Heureusement, passé cette ouverture, le film se montre maîtrisé, construit, et veut réellement nous montrer une relation dans tous ces moments de joie mais aussi ses travers. Venons en au sujet de la polémique : le sexe ! Oui, le sexe est très présent dans Love 3D. Mais à la manière de Nymphomaniac de Lars Von Trier, il ne se veut pas provocant. On est loin du film porno où les acteurs sont des objets pour que le spectateur se masturbe, mais on assiste à des scènes de sexe la plupart du temps douces. Du sexe avec des sentiments donc, comme Gaspar Noé aime le dire. Du sexe à deux en mode romantique, du sexe à trois plein de désirs, des scènes dans des clubs échangistes, on aura de quoi faire. Mais le film ne rend quasiment jamais ses scènes gratuites ou vulgaires. Quasiment car oui, Noé aime choquer, et cet aspect ressort lors d’une ou deux scènes. Oui, en utilisant la 3D, Noé n’aura pas pu s’empêcher de nous envoyer une éjaculation en plein visage… Peu subtil, gratuit et venant surtout rappeler ce gadget qu’est la 3D alors que le reste du film se fait sobre. On pourra aussi critiquer la scène avec la (le ?) trans, plutôt inutile.

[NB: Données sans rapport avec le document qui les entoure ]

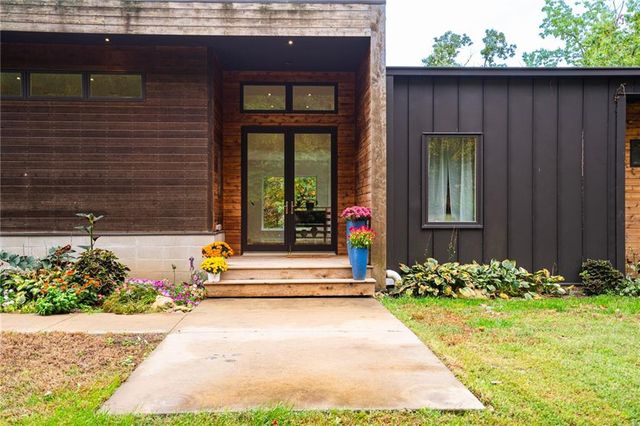 23598 Dehoff Drive, Tonganoxie, KS 66086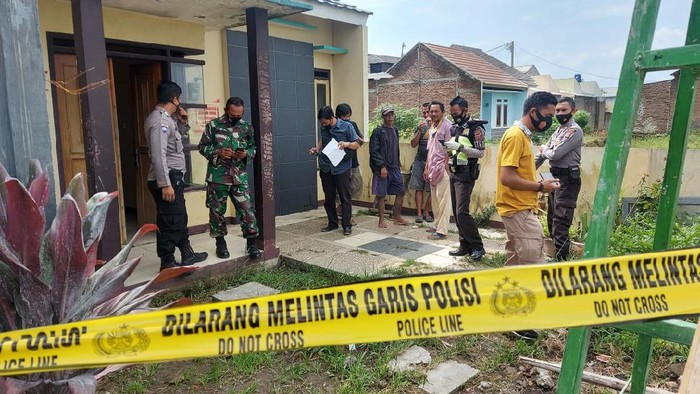 Polisi pasangi garis polisi di lokasi penemuan mayat seorang pria di Sumedang.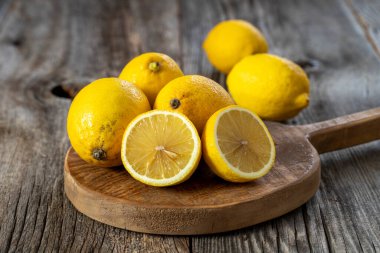 Tahta arka planda taze limonlar. Kapat.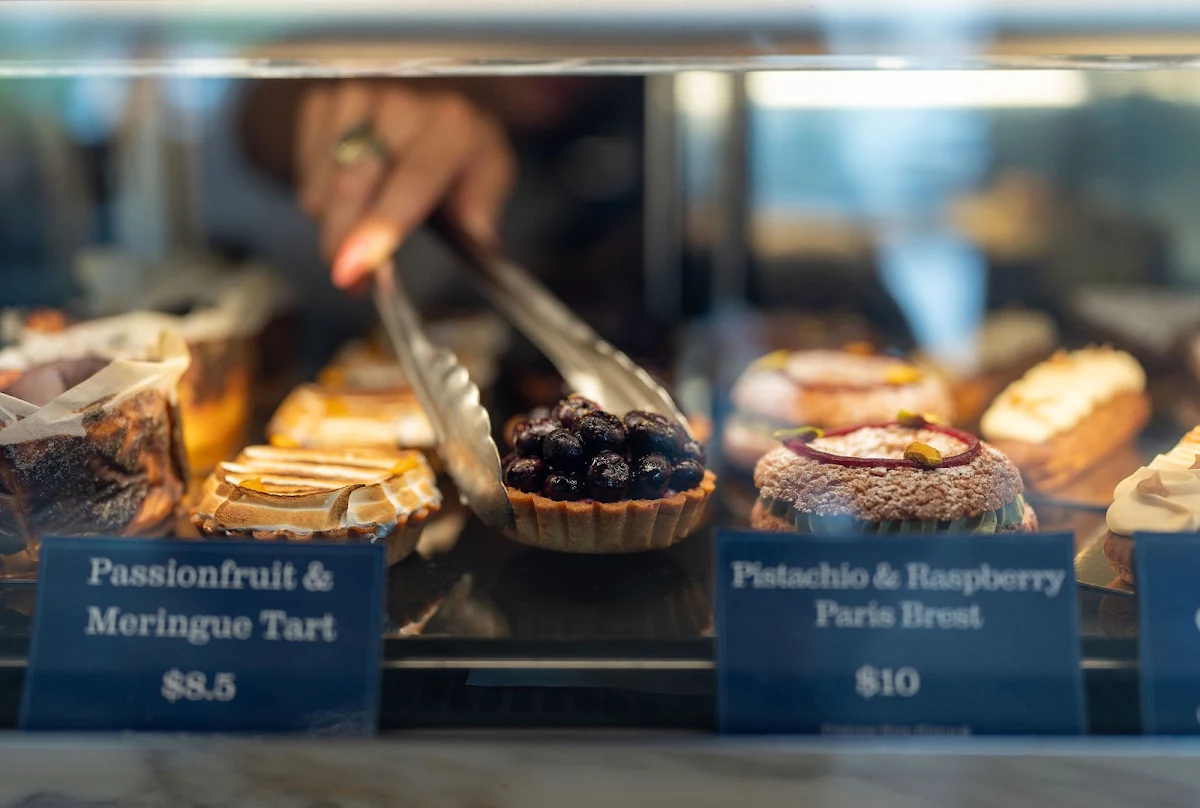 Food & drink, Café Loulou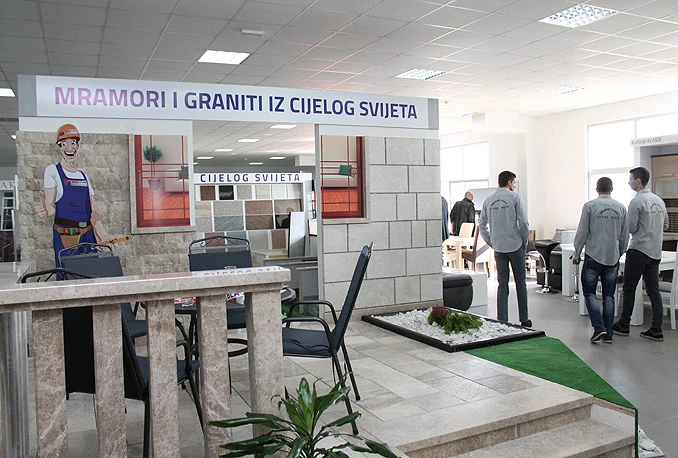 Prodajni salon ''Modra stijena'' otvorio vrata kupcima u Mostaru
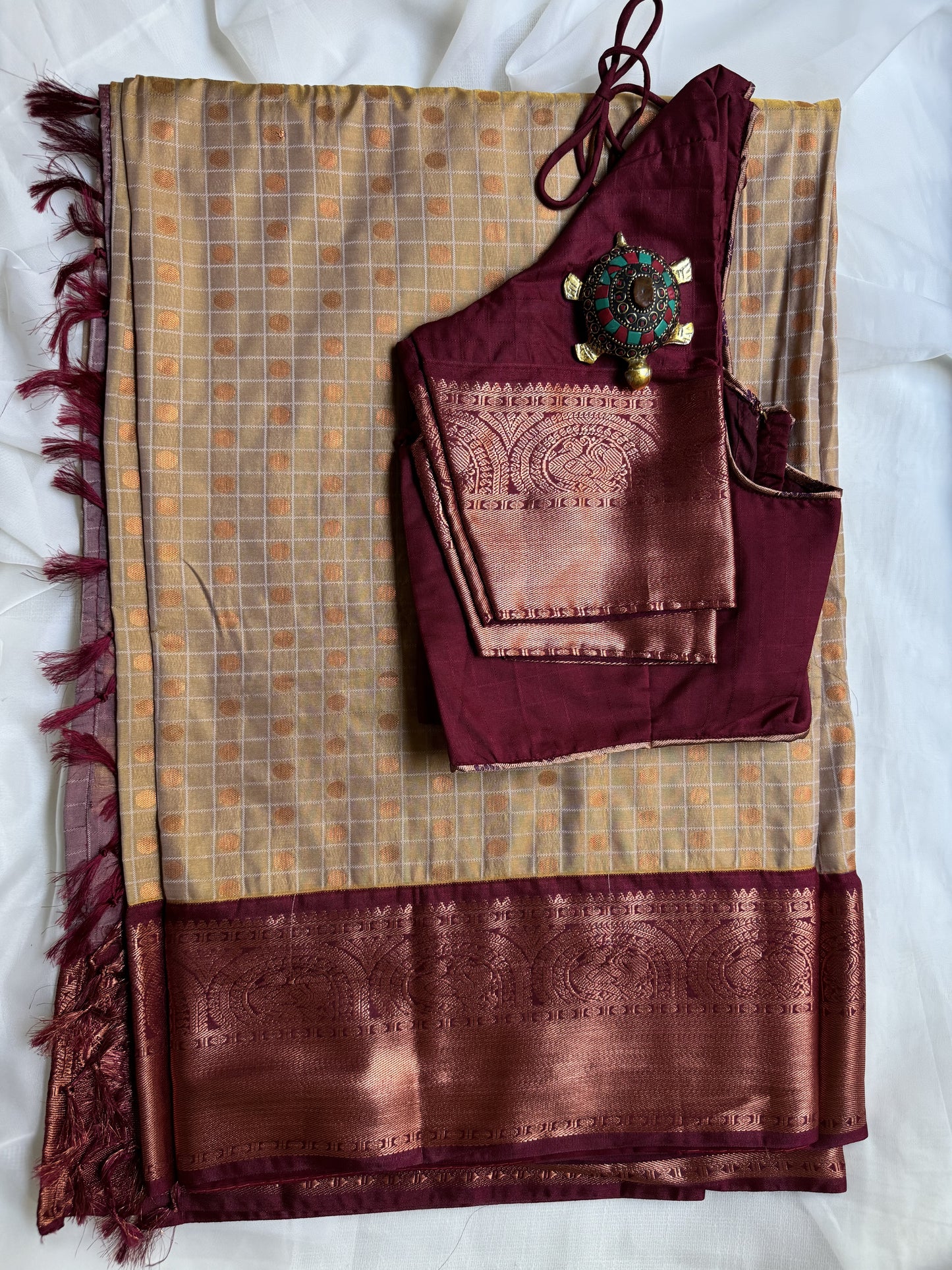 1000 butti saree in Traditional Colors - Beige with Maroon Border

Mais sur l’ensemble du métrage dépassant de peu les 2h, le métrage se fait intéressant, et pas si choc que ça. L’aspect romantique par contre ne plaira pas à tous tant il se montre au final assez répétitif (tout va bien, élément perturbateur, tentative pour se rapprocher, mais qui finalement créé d’autres soucis), fonctionne également plutôt bien grâce à une simple donnée : l’ensemble du métrage paraît sincère. Il suffit de voir la rencontre extrêmement simple entre les deux personnages pour s’en rendre compte. La simplicité fait fonctionner l’ensemble. C’est dans ces moments les plus simples et réalistes que Love 3D se montre intéressant : une rencontre par hasard, une discussion après l’amour… Pour finir, on pourra citer également l’ost du métrage, plutôt excellente, où Gaspar Noé va piocher dans d’autres ost (on retrouvera le thème de Cannibal Holocaust, le thème de Assaut par Carpenter, un thème venant des Frissons de l’Angoisse de Argento), dans du classique mais également chez quelques grands artistes (Brian Eno, Pink Floyd). Alors oui, malgré tout, et même s’il n’est pas si choc que ça, Love n’est pas à conseiller à tous les publics loin de là. Il n’est pas non plus le meilleur film de Gaspar Noé même si là n’est que mon opinion purement subjectif, mais le métrage se montre intéressant par bien des aspects et surtout maîtrisé.
Les plus
Pas si choc que ça
Simple mais sincère
Des combats dynamiques
Quelques très beaux moments
Le sexe souvent beau et pas vulgaire
Les moins
Un ou deux plans juste pour choquer
Un film clairement pas pour tout le monde
En bref : Gaspar Noé se lance dans la romance teintée de scènes de sexe non simulées. Et à quelques égarements près, ça fonctionne plutôt bien, et ça se montre intéressant. Simple, mais sincère.